WORK TO BE COMPLETED: Your output should be the lines below from the one holding "Lahome Flavie Nursery" through the one holding "White / Pink", transcribed exactly, with no pictures.

GIVEN RECORDS:
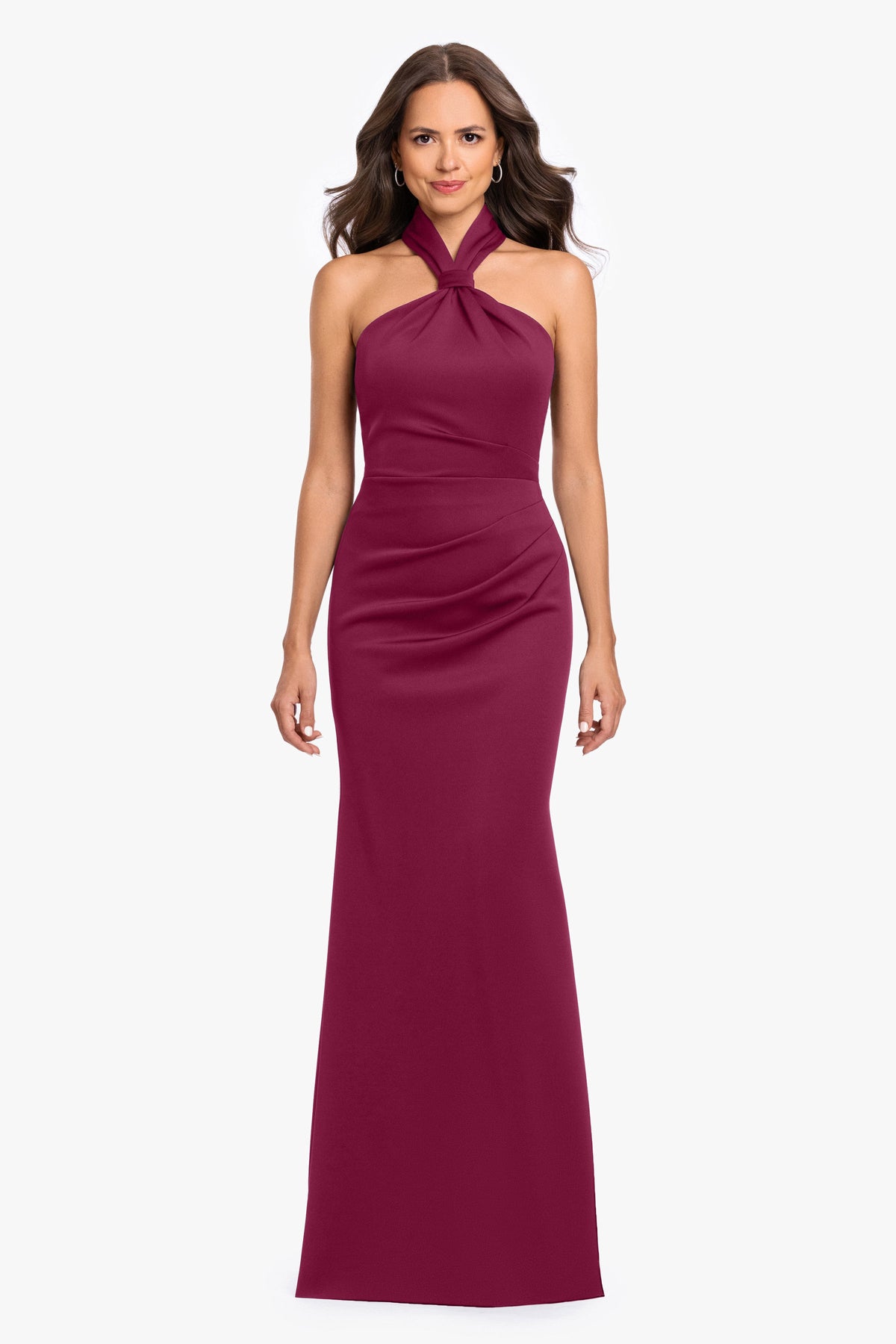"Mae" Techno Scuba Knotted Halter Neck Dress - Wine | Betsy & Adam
...
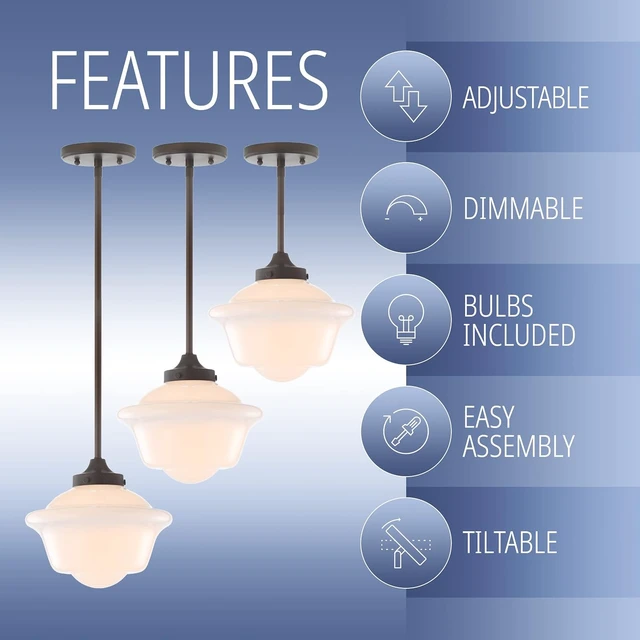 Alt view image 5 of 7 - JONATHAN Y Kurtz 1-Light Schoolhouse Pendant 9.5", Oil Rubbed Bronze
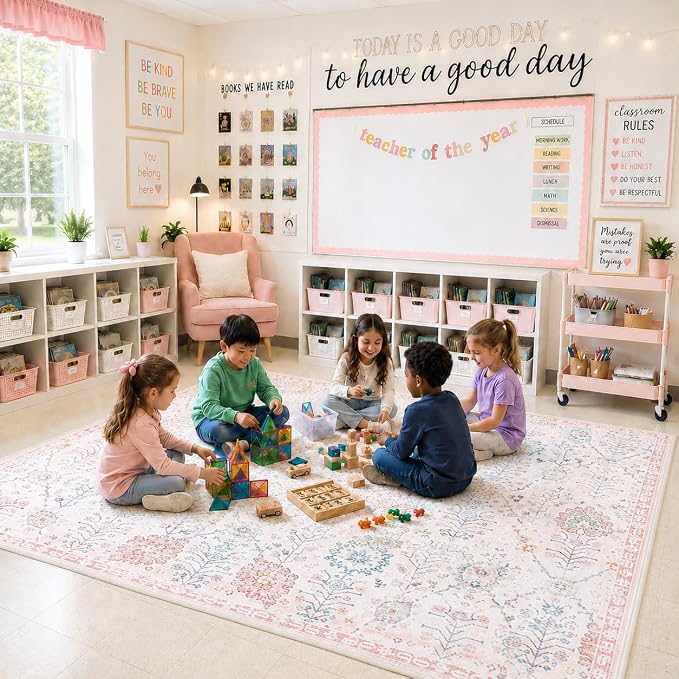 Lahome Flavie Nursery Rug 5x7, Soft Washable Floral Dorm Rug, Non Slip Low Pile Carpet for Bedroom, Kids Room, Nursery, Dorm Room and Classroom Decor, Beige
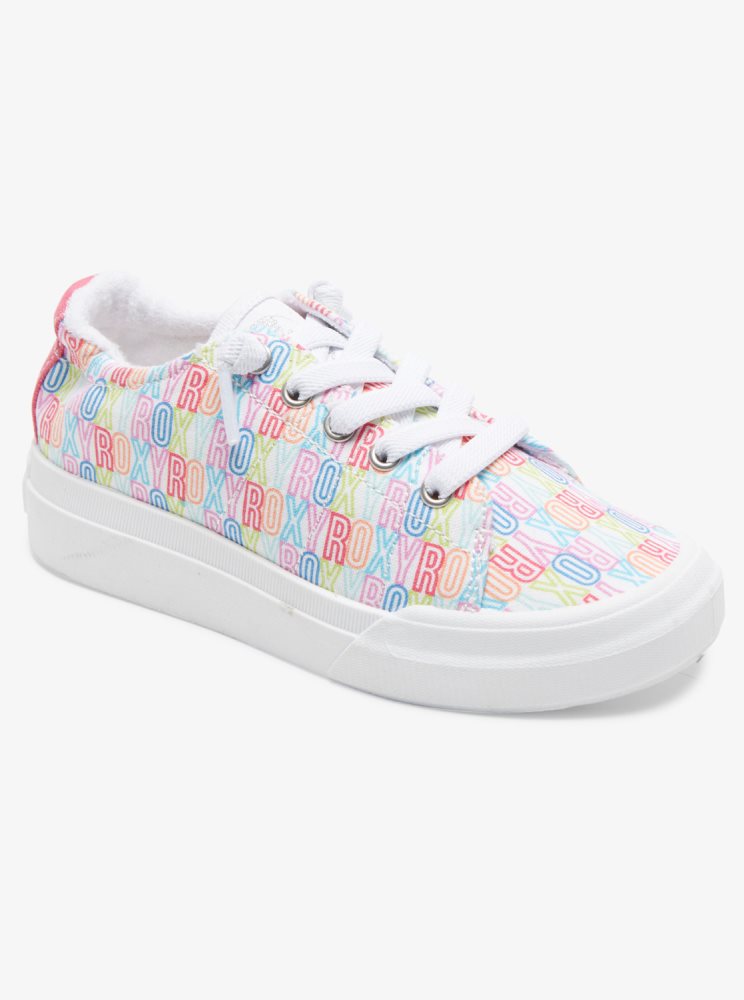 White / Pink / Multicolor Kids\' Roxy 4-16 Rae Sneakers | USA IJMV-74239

EXERCISE SOLUTION:
 Lahome Flavie Nursery Rug 5x7, Soft Washable Floral Dorm Rug, Non Slip Low Pile Carpet for Bedroom, Kids Room, Nursery, Dorm Room and Classroom Decor, Beige
 White / Pink / Multicolor Kids\' Roxy 4-16 Rae Sneakers | USA IJMV-74239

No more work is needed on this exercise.